Social Skills Interventions for Individuals with Learning Disabilities

NICHCY’s Structured Abstract 67 describes the following:

Title | Social Skills Interventions for Individuals with Learning Disabilities

Authors | Kavale, K. A., & Mostert, M.P.

SourceLearning Disability Quarterly, Vol. 27(1), 31-43.

Year Published | 2004

Abstract
Social skill deficits* have become a defining characteristic of students with specific learning disability (SLD). Attempts have been made to enhance social functioning through structured training approaches. The effectiveness of these efforts was evaluated in a quantitative research synthesis (meta-analysis), which revealed a “small” effect with very few differences among teachers, peers, or students with SLD themselves who judged the efficacy of training. The relatively modest effects are discussed in relation to a number of theoretical psychometric and design issues that might account for the limited treatment outcomes.

Background
Many children with learning disabilities (SLD) have social skills deficits.  Some researchers have proposed that social skills deficits can be broken down into three general types:

  • Skill deficit | refers to those instances when a child has never learned the required social or cognitive skill to use in a particular social situation.
  • Performance deficit |  refers to those instances when a child has learned a social skill* but fails to perform in the appropriate situation.
  • Self-control deficit | refers to those instances when a child’s lack of self-control results in negative behaviors, which interfere with both acquiring and performing appropriate social skills.

Children with learning disabilities may struggle with any combination of these areas.

The measurement of social skills deficits in children with LD is sometimes difficult because there is such an array of skills required for social competence and a particular child may struggle with any combination of those skills.  Social skills deficits may appear in areas of classroom behavior, interpersonal skills, anxiety, self-concept, social adjustment, ability to build and maintain relationships, social problem solving, conversation and communication skills, and peer status.

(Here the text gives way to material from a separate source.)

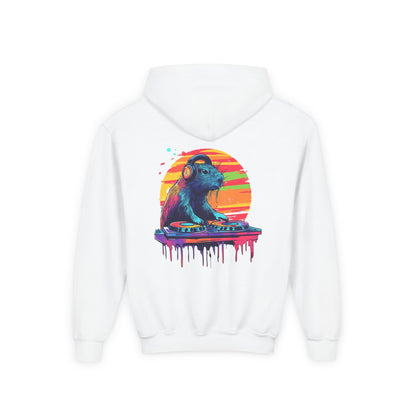 DJ Capybara Kids Hoodie | Music Lover Sweatshirt, Festival Vibes for Kids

Social skills training often uses methods such as modeling the skills to be learned, shaping or approximating the skills through reinforcement, and rehearsal and practice.  This meta-analysis* examined how effective social skills training is at increasing the social competence of students with LD.

Research Questions

  1. Is social skills training an effective way of improving the social functioning of students with LD?
  2. Is the impact of social skills training perceived differently by students with LD, their teachers, and/or their peers?

Research Design
Meta-analysis*

  • Number of Studies Included | 53
  • Number of Subjects | 2,113
  • Years Spanned | Not reported

Research Subjects

  • 74% of the participants were male
  • Average age = 11.5 years old
  • Average IQ = 96

Age/Grade of Subjects
The average age = 11.5 years.

Specified Disability
Specific Learning Disabilities (SLD)

Intervention
Subjects participated in social skills training covering a variety skills such as social problem solving, conversation, friendship, and handling feelings. Methods used in social skills training include direct instruction, prompting, modeling, rehearsal, coaching, shaping, and reinforcement.

Duration of Intervention
The average intervention provided 3 hours of training a week and lasted for 10 weeks.

Findings

  1. Students with SLD who receive social skills training make small improvements in their social skills abilities.
  2. Approximately 65% of students with SLD believed that their social status had improved as a result of participating in social skills training.  More than 6 out of 10 students with SLD also perceived social skills training as having benefited their self-concept, social problem solving, and social competence.
  3. Peers of students with SLD did not perceive that the social status of students with SLD changed after social skills training.
  4. Teachers reported that more than 6 out of 10 students were better adjusted and less dependent after social skills training, but they did not report that students with SLD interacted more socially.

Combined Effects Size

  1. The average effect size* for social skills training was 0.211 which is considered a small effect size.
  2. Effect sizes did not differ significantly when subjects were grouped by age or by amount of training received.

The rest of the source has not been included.